Soweit in der Kommentarliteratur Überlegungen angestellt werden, wie als ungerecht angesehene Ergebnisse vermieden werden können (Baier in Krauskopf, Soziale Krankenversicherung Stand Nov. 2008, § 62 Rn 44: der Freibetrag von 3648 EUR ist unabhängig davon anzuwenden, ob die Eltern gemeinschaftlich steuerlich veranlagt werden; - Sichert in Becker/Kingreen, Gesetzliche Krankenversicherung, München 2008, § 62 Rn 23: die Addition der Freibeträge führt zu einer sachlich nicht gerechtfertigten Besserstellung der Kinder im Vergleich zu dem ersten im Haushalt lebenden Angehörigen; -Spitzenverbände der Krankenkassen (zitiert aus Hauck/Haines/Gerlach, Sozialgesetzbuch V, Kommentierung zu § 62 Rn 55): Bei alleinerziehenden ist für das erste Kind der höhere Freibetrag für den ersten Angehörigen in Höhe von 15 v. H. der Bezugsgröße zu Grunde zu legen) finden diese im Gesetz keine Stütze. Solche Überlegungen hätten vom Gesetzgeber angestellt und gegebenenfalls Eingang in den Gesetzestext finden müssen. Es liegt nicht in der Hand der Rechtsprechung, solche Entscheidungen des Gesetzgebers zu korrigieren, indem richterrechtlich eigenständig Freibeträge festgelegt werden (vgl. BSG Urt. v. 26.06.2007 - B 1 KR 41/06 R Juris-Ausdruck Rn 17). Der in der BT-Drs. 15/1525 S. 95 erwähnte Betrag von 3.648 EUR mag die ursprüngliche Vorstellung des Ministeriums während des Gesetzgebungsverfahrens zum Ausdruck bringen, diese Vorstellung hat - worauf das SG zu Recht hingewiesen hat - in den Gesetzestext keinen Eingang gefunden. Sonstige Wertungen des Gesetzgebers, die eine Minderung oder Erhöhung auf den Freibetrag von nur 1.824 EUR bzw. 3.648 EUR zuließen, lassen sich weder § 62 SGB V noch § 32 EStG entnehmen.

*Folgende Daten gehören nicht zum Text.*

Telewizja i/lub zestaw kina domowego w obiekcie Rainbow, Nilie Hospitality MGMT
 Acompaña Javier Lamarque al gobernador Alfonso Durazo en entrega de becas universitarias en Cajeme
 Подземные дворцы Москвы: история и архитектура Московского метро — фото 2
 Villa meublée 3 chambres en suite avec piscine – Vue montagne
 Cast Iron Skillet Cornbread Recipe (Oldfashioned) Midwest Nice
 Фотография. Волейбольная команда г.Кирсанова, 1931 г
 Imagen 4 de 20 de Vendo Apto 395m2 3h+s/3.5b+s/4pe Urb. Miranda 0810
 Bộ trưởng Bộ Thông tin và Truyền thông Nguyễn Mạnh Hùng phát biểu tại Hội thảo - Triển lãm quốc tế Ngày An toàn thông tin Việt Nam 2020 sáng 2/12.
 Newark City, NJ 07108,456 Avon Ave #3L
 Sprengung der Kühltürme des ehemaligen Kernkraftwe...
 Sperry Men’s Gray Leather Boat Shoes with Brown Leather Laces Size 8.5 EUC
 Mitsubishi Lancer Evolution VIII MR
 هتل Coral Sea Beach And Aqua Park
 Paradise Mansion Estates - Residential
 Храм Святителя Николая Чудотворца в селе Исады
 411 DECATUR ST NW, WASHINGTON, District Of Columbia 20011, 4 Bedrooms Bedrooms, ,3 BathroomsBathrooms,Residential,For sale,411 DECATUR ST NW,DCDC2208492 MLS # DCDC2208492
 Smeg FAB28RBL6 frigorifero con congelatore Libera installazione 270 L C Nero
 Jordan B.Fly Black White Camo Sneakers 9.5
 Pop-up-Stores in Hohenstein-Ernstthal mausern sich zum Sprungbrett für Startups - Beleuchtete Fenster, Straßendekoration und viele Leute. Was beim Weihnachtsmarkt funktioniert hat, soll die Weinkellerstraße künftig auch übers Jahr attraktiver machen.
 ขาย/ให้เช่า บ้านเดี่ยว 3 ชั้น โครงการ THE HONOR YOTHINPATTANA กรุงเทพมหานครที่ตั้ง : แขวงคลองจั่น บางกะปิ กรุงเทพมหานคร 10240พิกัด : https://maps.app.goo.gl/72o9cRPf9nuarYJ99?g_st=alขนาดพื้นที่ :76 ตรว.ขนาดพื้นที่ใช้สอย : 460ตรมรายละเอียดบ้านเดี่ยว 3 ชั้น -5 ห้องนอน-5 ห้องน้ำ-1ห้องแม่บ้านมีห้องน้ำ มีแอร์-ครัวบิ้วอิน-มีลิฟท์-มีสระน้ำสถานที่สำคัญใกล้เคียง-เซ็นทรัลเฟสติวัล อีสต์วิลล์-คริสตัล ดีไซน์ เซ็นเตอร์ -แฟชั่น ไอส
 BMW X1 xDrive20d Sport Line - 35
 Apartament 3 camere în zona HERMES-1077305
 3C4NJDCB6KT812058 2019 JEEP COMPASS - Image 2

Insbesondere ist in diesem Zusammenhang unerheblich, ob der Kläger für das Kind M. zusätzlich Kindergeld erhalten hat. § 62 Abs. 2 SGB V stellt im Zusammenhang mit der Ermittlung des Freibetrages für Kinder nicht auf den Bezug von Kindergeld ab. Kindergeld seinerseits ist bei der Berücksichtigung der Höhe der jährlichen Bruttoeinnahmen zum Lebensunterhalt nach der Rechtsprechung des BSG (Urteil vom 22.04.2008 - B 1 KR 5/07 - nicht zu berücksichtigen. Soweit andererseits das BSG in der Entscheidung vom 10.05.2007 - B 10 KR 1/06 R - die Frage aufgeworfen hat, ob ausgehend von einem Minderungsbetrag von 5.808 EUR je Kind das davon gezahlte Kindergeld abzuziehen ist, vermag ihm der Senat nicht zu folgen. § 62 SGB V enthält lediglich eine punktuelle Verweisung auf die Vorschrift von § 32 Abs. 6 Satz 1 und 2 EStG. Eine generelle Verweisung auf die Vorschriften des Kindergeldrechtes im EStG (§§ 62 bis 78 EStG sowie § 31 EStG) findet gerade nicht statt. Insbesondere wird auf § 31 Abs.1 Satz 1 EStG nicht Bezug genommen. Nach dieser Vorschrift wird die steuerliche Freistellung eines Einkommensbetrages in Höhe des Existenzminimums eines Kindes einschließlich der Bedarfe für Betreuung und Erziehung oder Ausbildung durch die Freibeträge nach § 32 Abs.6 oder durch Kindergeld nach dem Zehnten Abschnitt bewirkt. Diese Regelungen des Familienleistungsausgleichs sind in § 62 Abs. 2 SGB V nicht übernommen worden und damit für die Ermittlung der Belastungsgrenze für Zuzahlungen ohne Bedeutung. Der Senat hat daher keine rechtliche Handhabe, einen Freibetrag zu bilden, der die rechtlichen Relationen zu dem Freibetrag des § 62 Abs. 2 Satz 2 für den Lebenspartner des Versicherten wahrt. Hier die Relationen festzulegen, ist Aufgabe des Gesetzgebers. Dadurch dass der Gesetzgeber im Einkommensteuerrecht nicht nur einen Freibetrag für das sächliche Existenzminimum vorsieht, sondern noch einen weiteren Freibetrag für den Betreuungsbedarf des Kindes und er in § 62 Abs. 2 Satz 3 SGB V hierauf Bezug nimmt, hat der Gesetzgeber klar zum Ausdruck gebracht, in welchem Umfang er die Ausgaben für Kinder bei der Errechnung der Belastungsgrenze berücksichtigt wissen will.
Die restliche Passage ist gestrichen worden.